Ripercorriamo tutta la storia cinematografica che vede protagonista la mitica bambola assassina Chucky

Tra le tante saghe horror che hanno visto i loro albori negli anni ‘80, mi sento di dire che quella di Child’s Play, ribattezzata in Italia La Bambola Assassina, è sicuramente una delle più costanti a livello qualitativo nonostante sia stilisticamente molto eterogenea.

Child’s Play nasce da un’idea di Don Mancini: quella unire elementi sovrannaturali in uno slasher movie, proponendo un killer estremamente accattivante, grottesco, spietato ma allo stesso tempo indirettamente “simpatico” vista la sua natura di pupazzo dalle sembianze fanciullesche.
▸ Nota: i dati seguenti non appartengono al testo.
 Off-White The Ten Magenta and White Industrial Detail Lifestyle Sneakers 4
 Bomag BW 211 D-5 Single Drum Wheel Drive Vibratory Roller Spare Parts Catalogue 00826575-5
Fattezze che nell’affasciante contrasto con il suo carattere violento, sboccato, ma anche ironico, avevano le potenzialità per creare un personaggio irresistibile e iconico. Cosa che -la storia ci insegna- in effetti successe.

La Bambola Chucky altri non è che l’assassino Charles Lee Ray, che in punto di morte, si reincarna grazie ad un rito voodoo in un bambolotto della linea Good Guys. Il primo film giocava molto su questa riuscita intuizione, creando uno slasher movie abbastanza classico e conservativo nei suoi elementi macroscopici (omicidi efferati, scene gore, momenti di tensione) ma che proprio grazie alla presenza di Chucky, poteva inserire nella formula qualcosa di nuovo.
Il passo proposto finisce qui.